Orlov, Aleksei Fedorovich

Orlov, Aleksei Fedorovich

 

Born Oct. 8 (19), 1786, in Moscow; died May 9 (21), 1861, in St. Petersburg. Russian army officer and statesman; diplomat; prince (1856); general of the cavalry (1833). Nephew of A. G. Orlov and G. G. Orlov.

Orlov served in the campaigns of the Russian Army against Napoleon from 1805 to 1814. As commander of the Life Guards Cavalry Regiment, he participated in the suppression of the Decembrist uprising in Senate Square on Dec. 14, 1825, for which he received the title of count. In 1831 he directed the suppression of the Cholera Riot and of the uprisings in the military settlements. Orlov was a member of the State Council from 1836 and chief of the gendarmerie and commander in chief of the Third Department from 1844 to 1856. He was head of the Russian delegations at the peace conferences of Adrianople (1829), Paris (1856), and Unkiar Skelessi (1833).
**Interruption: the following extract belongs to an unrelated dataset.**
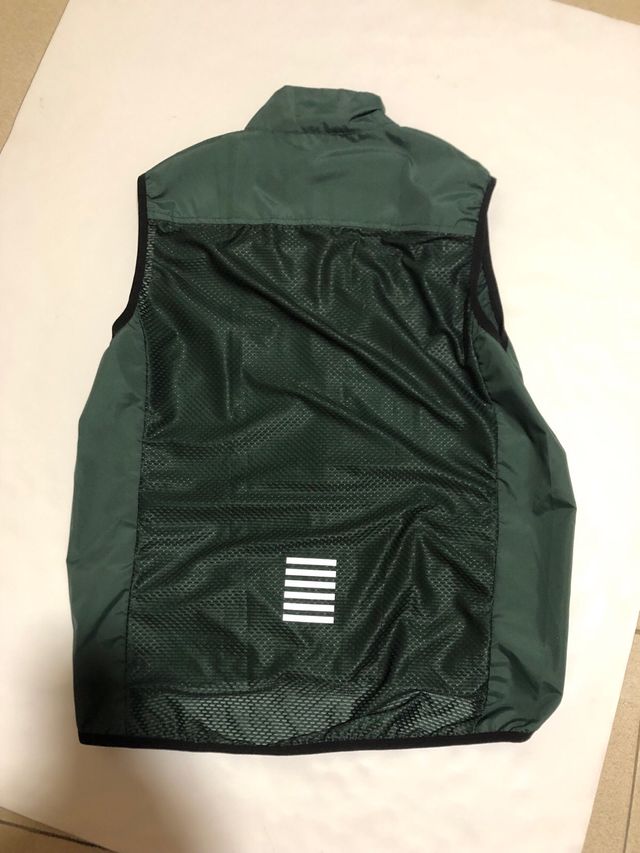 Cortavientos ciclismo talla L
In 1856 he became chairman of the State Council and the Committee of Ministers. As chairman from 1856 of the Secret Committee (from 1858, Chief Committee) for Peasant Affairs, Orlov opposed the abolition of serfdom.

REFERENCES

Khmyrov, M. D. “Orlov, kniaz’ Aleksei Fedorovich, predsedatel’ Gosudarstvennogo soveta.” In Portretnaia gallereia russkikh deiatelei, vol. 1. St. Petersburg, 1865.
Trotskii, I. M. Tret’e otdelenie pri Nikolae I. Moscow, 1930.
Kiniapina, N. S. Vneshniaia politika Rossii pervoi poloviny XIX v. Moscow, 1963.